I doubt we ever get the chance to debate system wide change on this level. Change is challenging to many. When lives are going well, and sometimes even when they aren’t, many find themselves feeling very attached to the status quo of existence–life as we know it. It is a very human tendency to resist change as though it were possible to simply decide not to do it, or have it in our lives. Of course, the answer is not to go about changing things at random, without regard to whether they are working or not. There is a time and place for stability and the preservation of what has been gained over time. The problem comes when we become more attached to preserving the status quo than to honoring the universal givens of growth and change. For example, if we allow a situation we are in to remain stagnant simply because we are comfortable, it may be time for us to summon up the courage to challenge the status quo.

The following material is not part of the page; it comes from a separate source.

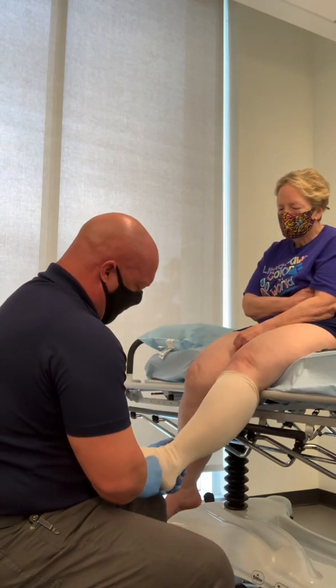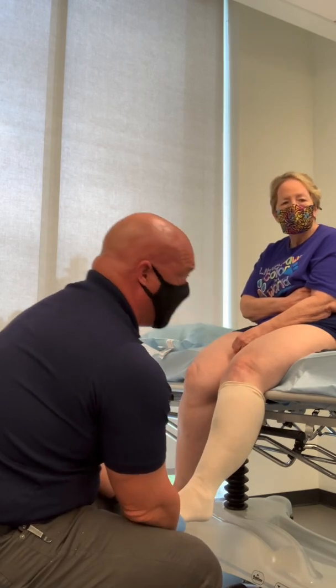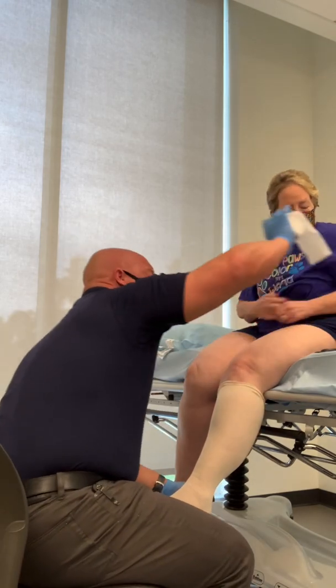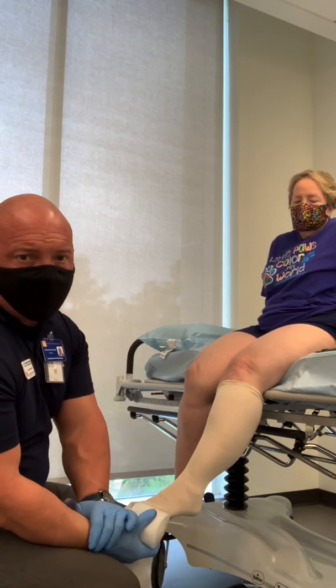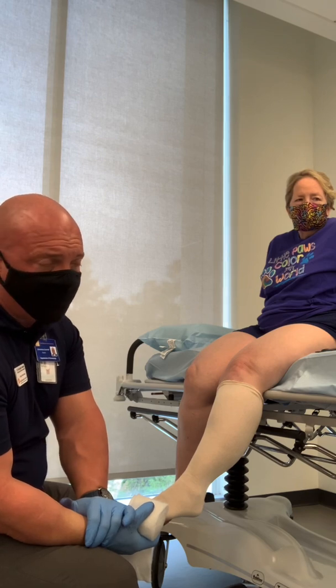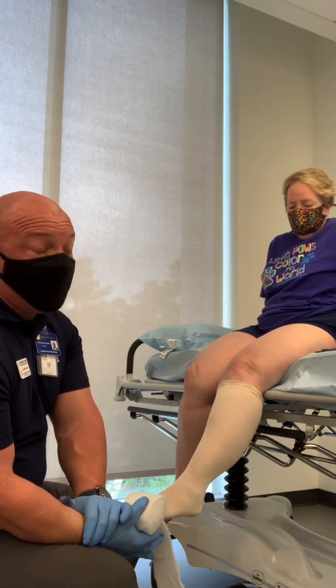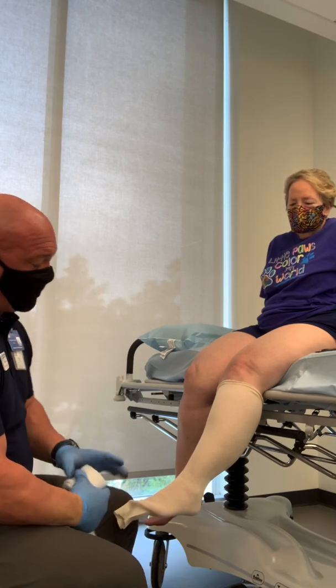We're going to have the patient in a relaxed position to begin with. Because unlike a short arm cast, it takes quite a bit of padding and quite a bit of contouring to do a leg cast correctly. So again, be patient. There are going to be a few different techniques that I'm going to use in the wrapping procedure.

But change will come and the status quo will go, sooner or later, with our consent or without it. We may find at the end of the day that we feel considerably more empowered when we find the courage to ally ourselves with the force of change, rather than working against it.
Criticism of our profession by those who have little understanding of education is quite difficult to swallow sometimes. But we must never be cowed by it. My father once told me to never accept criticism from someone I would not trust to go to for advice. From the very outset of this crisis, schools have stepped forward to do the right thing for the students in their care and the communities they serve. We can be the commanders of our own destiny if we want it. We need to do what Fullen asserts – to ‘build back better’. Who is ready for that?